Ionized calcium concentration (Ca²⁺), phosphate (P), and 1,25D are the important input parameters. All Ca²⁺, 1,25D, and P profiles used in PTH predictions are simulated profiles within physiological meaningful ranges. A high‐level sketch of the model is provided in Figure 2 .

Figure 2.

The model inputs are the plasma ionized calcium concentration, plasma phosphate concentration as well as plasma 1,25D concentration. The model output is the PTH concentration.

Ca²⁺

The ionized calcium concentration (provided as an input parameter in this manuscript) regulates the PTG response via the CaSR. We couple the actual ionized calcium concentration and the PTG via the CaSR by equations (1), (2), (3), (4), (5), (6), (7), (8).

CaSR expression

CaSR and VDR expressions are determined in order to assess the overall sensitivity of the receptors to the concentration of the arterial blood ionized calcium and 1,25D concentrations. We model a dimensionless CaSR and VDR expression. The optimal value is normalized to 1 for both variables. Values lower than 1 correspond to a loss of CaSR or VDR expression. Receptor expression is regulated by a positive feedback loop between the CaSR and the VDR (Fig. 3) and is suppressed by phosphate.

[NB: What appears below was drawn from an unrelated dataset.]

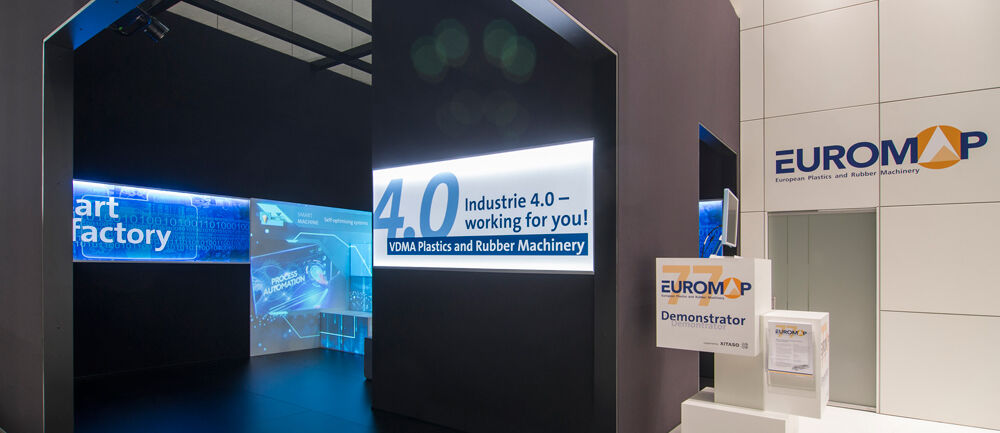 Messestand VDMA, Messe K, Industrie 4.0, Düsseldorf, Messebau ISINGERMERZ, Messedesign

We therefore assume that the dimensionless CaSR expression, $\mathit{CaSR}$, and VDR expression, $\mathit{VDR}$ are governed by the following system of differential equations:

Figure 3.

Expression of the CaSR and VDR. While there is a positive feedback loop between the VDR and CaSR, CaSR and VDR expressions are suppressed by phosphate.

$$\begin{array}{c}\hfill \frac{\mathit{dCaSR}}{\mathrm{d}t=p_{\mathrm{Ca}}·({\chi }^{\mathrm{in}}+(\mathit{VDR}-1)-{\pi }^{\mathrm{in}})·\mathit{CaSR}+n_{\mathrm{Ca}}·(1-\mathit{CaSR})}\end{array},$$ (1)

$$\begin{array}{cc}\hfill \frac{\mathrm{d}VDR}{\mathrm{d}t}=& p_{\mathrm{D}}·({\delta }^{\mathit{in}}+(\text{CaSR}-1)-{\pi }^{\mathrm{in}})·\mathit{VDR}+n_{\mathrm{D}}·\hfill \\ & (1-\mathit{VDR}),\hfill \end{array}$$ (2)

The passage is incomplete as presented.